BEGIN

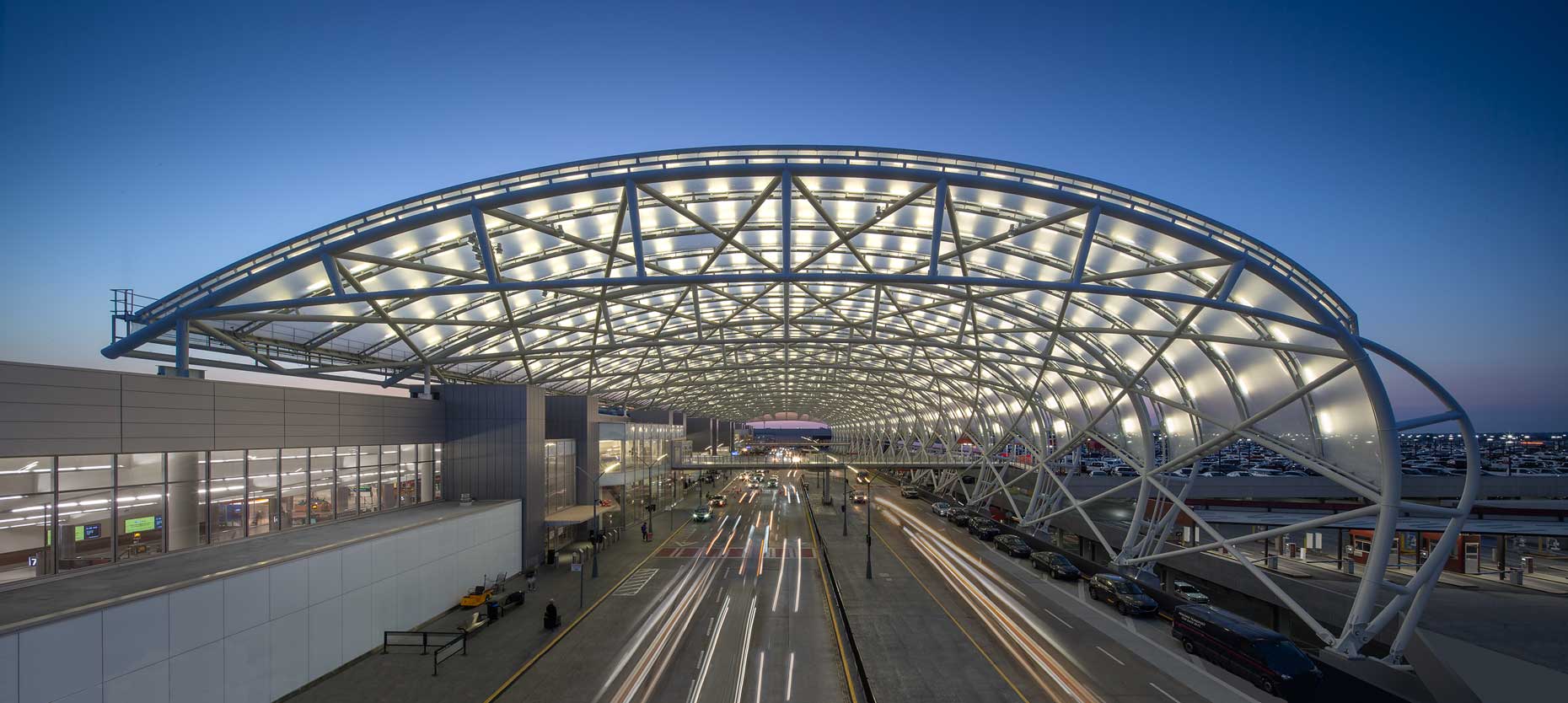 The canopy at Hartsfield Jackson Atlanta International Airport glows against a dawn sky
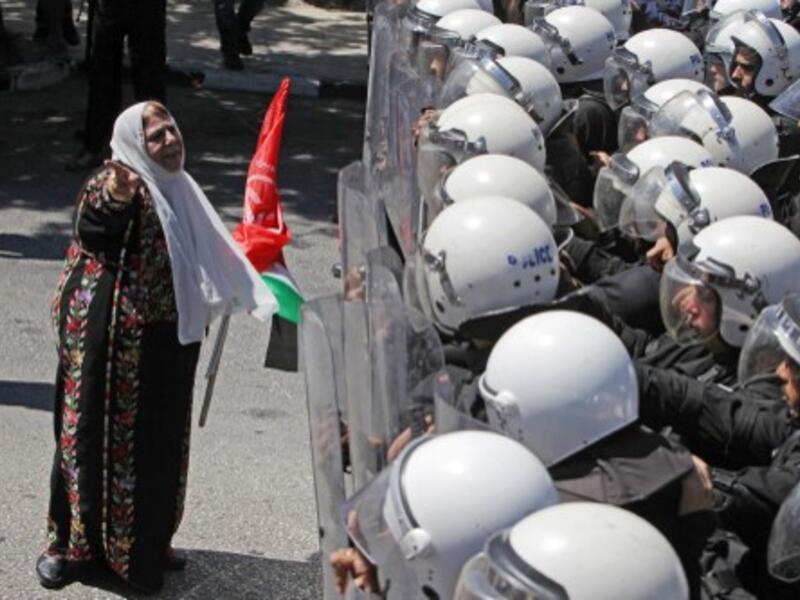 Palestinian police with riot gear stand guard as they stop supporters of the Popular Front for the Liberation of Palestine (PFLP) from reaching the headquarters of president Mahmoud Abbas. (AFP).
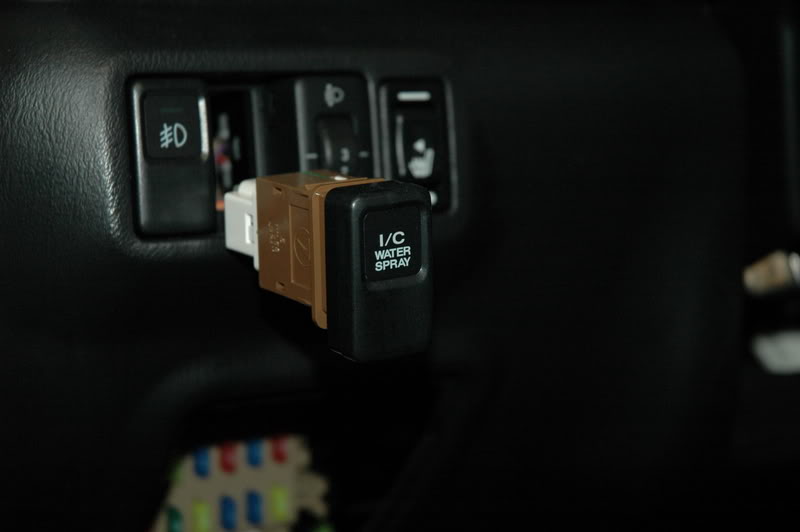 JDM Automatic Intercooler Switch: The USDM stock STi switch that you will be removing.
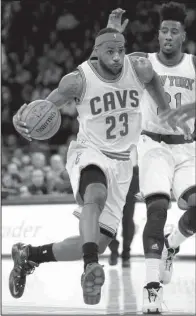  ?? AP/KATHY WILLENS ?? Cleveland Cavaliers forward LeBron James (23), driving past New York Knicks guard Iman Shumpert (21), scored 23 points Thursday night in the Cavaliers’ 90-87 victory at Madison Square Garden in New York.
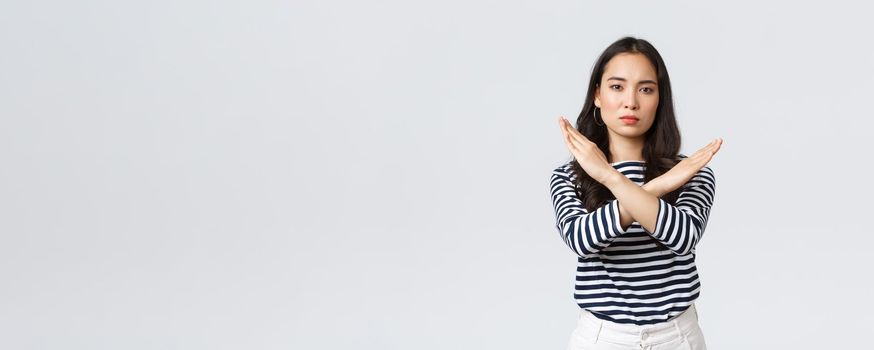 Lifestyle, beauty and fashion, people emotions concept. Serious-looking displeased asian woman tell to stop, showing cross sign in prohibition, disapprove action, give warning or restrain someone.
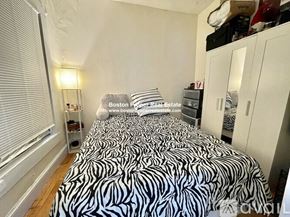 Boston apartment for rent - A bedroom with a zebra print bedspread and a white wardrobe.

END

# WHAT IS EXPECTED
Pictures stay out. Return exactly the lines from the one with "in New York." through the last line of the data.

# ANSWER SECTION
  ?? AP/KATHY WILLENS ?? Cleveland Cavaliers forward LeBron James (23), driving past New York Knicks guard Iman Shumpert (21), scored 23 points Thursday night in the Cavaliers’ 90-87 victory at Madison Square Garden in New York.
 Lifestyle, beauty and fashion, people emotions concept. Serious-looking displeased asian woman tell to stop, showing cross sign in prohibition, disapprove action, give warning or restrain someone.
 Boston apartment for rent - A bedroom with a zebra print bedspread and a white wardrobe.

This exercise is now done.